(algún día tendré que escribir algo)
Mi madre dice: “Vámonos, pronto oscurecerá.
Se acerca ya nuestra segunda muerte,
son menos cada vez los que aún nos recuerdan”.
Joan Margarit
Hacia el crepúsculo,
en Todos los poemas: 1975-2012”, Austral, Barcelona, 2015.
“Mi” Ortigosa mítica, que se nutre de los recuerdos de infancia -casi inconscientes, sensaciones-, los dos primeros años que fuimos con mi abuelo Eusebio... Los ritos, la sorpresa. Años después me contaría Esteban Pinillos que mi abuelo, cuando llegaba a Ortigosa “disfrutaba como un niño la mañana de reyes... “.
Ortigosa: la cocina de mi tía Petra, de la que me gustaría acordarme más. El pan frito para desayunar; los huevos para cenar, en aquellas cazuelitas blancas, con un filo azul y dos asas. Las sobadas, el brazo de gitano, la tarta de moka, los emparedados (rebozados).
La morcilla dulce, el exótico caviar de mi infancia.
Como era el mayor, al llegar, mi abuelo me llevaba a la ronda de visitas. La tía Agus, Piedad, el tío Felix y la tía Felicitas. Luego me recuerdo yendo -yo solo- a ver a la tía Petra y la tía Pruden. Tocar el picaporte, esperar -se me hacía larga la espera hasta que aparecía la tía Pruden...
El mundo de mis tías abuelas: las Viniegras, las Loychates, las Hilarias, Tere Olmedo, Trini y Tiburcina... Sagrario, Piedad, Rafaela Vicente, que la tía Petra me mandaba a recoger el helado de leche merengada que le regalaba. Y también me acuerdo de los abuelos de Josito, Mamerta y Luis.
Y de Inma, Cristina y Virginia.
Y de Leito, el asombro de que año tras año me reconociese por la voz: “Hola, Jesusito”. Y su bastón articulado,
Y el “Libro de Ortigosa”, con sus tapas duras. Me regalaron uno y me parecía un tesoro.
Ir con la tía Carmen a la fuente de San Antonio, que siempre recogía madreselvas y se las ponía al sagrado corazón -entronizado, decían-, que hay en casa...
Ir a las eras montados a caballo, y jugar entre la paja. Solo fué una vez, pero ahí se quedó el recuerdo, como una fiesta irrepetible... O el miedo que me daba montar en el burro del tío Felix.
Me acuerdo del año que de los caños de la fuente de la plaza salía vino...
De cuando me contaban que Niceto Rubio era el padrino de la tía Carmen, y que una vez le dio una vuelta en avión, la única que se atrevió de las hermanas...
De las excursiones que hacíamos, de coger manzanilla, de los caminos por los que no sabría volver.
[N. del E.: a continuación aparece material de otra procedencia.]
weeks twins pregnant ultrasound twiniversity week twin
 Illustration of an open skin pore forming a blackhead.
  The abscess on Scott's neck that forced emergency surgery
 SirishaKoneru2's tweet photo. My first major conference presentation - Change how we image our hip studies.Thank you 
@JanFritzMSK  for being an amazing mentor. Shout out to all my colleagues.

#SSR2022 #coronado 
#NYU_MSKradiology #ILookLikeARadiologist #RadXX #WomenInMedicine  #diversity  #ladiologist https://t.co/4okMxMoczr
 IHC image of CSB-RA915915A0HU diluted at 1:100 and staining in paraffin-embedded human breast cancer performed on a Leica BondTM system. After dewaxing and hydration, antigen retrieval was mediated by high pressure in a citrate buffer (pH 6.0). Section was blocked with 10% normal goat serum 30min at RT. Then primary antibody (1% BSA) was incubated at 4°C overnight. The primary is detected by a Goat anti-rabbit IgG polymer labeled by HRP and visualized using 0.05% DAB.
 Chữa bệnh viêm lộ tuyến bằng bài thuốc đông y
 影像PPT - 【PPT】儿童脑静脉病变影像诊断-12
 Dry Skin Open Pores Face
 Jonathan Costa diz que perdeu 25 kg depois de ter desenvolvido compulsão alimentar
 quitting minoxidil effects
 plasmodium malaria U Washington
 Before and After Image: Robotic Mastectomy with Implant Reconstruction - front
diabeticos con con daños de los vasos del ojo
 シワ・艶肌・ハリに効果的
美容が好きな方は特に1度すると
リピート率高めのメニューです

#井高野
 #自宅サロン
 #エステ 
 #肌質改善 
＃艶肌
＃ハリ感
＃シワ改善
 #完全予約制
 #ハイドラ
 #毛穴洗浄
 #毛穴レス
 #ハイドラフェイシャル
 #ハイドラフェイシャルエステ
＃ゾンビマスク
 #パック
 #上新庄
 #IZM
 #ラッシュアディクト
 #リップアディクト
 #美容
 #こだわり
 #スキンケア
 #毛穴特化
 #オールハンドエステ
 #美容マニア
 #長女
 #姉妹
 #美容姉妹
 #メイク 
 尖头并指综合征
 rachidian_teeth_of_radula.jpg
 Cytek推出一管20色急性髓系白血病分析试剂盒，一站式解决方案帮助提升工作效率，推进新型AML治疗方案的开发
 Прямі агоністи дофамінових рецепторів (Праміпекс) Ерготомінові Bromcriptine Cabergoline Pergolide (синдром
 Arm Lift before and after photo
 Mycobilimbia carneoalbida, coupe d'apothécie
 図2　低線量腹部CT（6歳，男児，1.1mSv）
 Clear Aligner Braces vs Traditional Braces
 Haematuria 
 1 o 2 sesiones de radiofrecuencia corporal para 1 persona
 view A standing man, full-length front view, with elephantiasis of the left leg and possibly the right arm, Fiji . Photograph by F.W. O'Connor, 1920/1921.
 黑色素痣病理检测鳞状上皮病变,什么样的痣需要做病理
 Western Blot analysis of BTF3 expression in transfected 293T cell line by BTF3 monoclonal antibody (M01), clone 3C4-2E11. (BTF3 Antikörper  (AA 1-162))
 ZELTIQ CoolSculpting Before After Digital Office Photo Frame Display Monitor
De las fresitas que crecían entre los helechos.
De lo misteriosa que me parecía la casa, sobre todo el payo, al que por supuesto no nos dejaban subir.
De que la tía Petra me mandaba a la fuente de San Martín a por agua con una jarra, porque decía que sabía más buena.
De ir a tomar zurracapote, niños y mayores.
De las obras de teatro que hacíamos en casa de Nacho, y la leche condensada al baño María que llevaban para merendar. Y de la masa de pan que comprábamos en la panadería, para hacer investigaciones gastronómicas, que no había quién las comiese.
Del año que ardió el pajar de la tía Agus.
De María Gracia, todos los niños siguiéndola formando una cadena y cantando, -¿“Pase misì, pase misá”?- entrando y saliendo del casino...
De la matanza de un cerdo, en un portalón debajo de casa, el corte en el cuello, el cubo recogiendo la sangre, tan natural...
De las bromas que año tras año me gastaba Santi, el hijo de Antonia la Fontanera -no es que fuese fontanera, lo era su marido-, y yo, año tras año, caía.
De la tómbola, y sus sobrecitos azules, y que a veces te tocaba de premio bollitos de chorizo.
De las galletas ¿de nata, de mantequilla?, que hacía la tía Carmen, con forma de pájaro, flor... que años después las comí exactas en casa de Gudrun Ewert.
De las tertulias en casa de Piedad, lo bien que nos recibía siempre. Del jabato que un año tenían, ¡cómo corría, que velocidad! Y de contarnos que una de las puertas de la cocina era de la casa anterior de mís tías, que dejaron muchas cosas allí, que por qué lo harían.
De la primera vez que nos mandaron a la tienda de Mari Cruz: “¿De quién sois? No me lo digáis, colominitos, colominitos”. Y parecerme mágico.
De las cabras, bajando cada una a su casa al anochecer..
Nada más llegar: los pájaros sobrevolando el puente, ¡tanta alegría!.
El preludio: Piqueras. La emoción desatada: al desviarnos en Villanueva.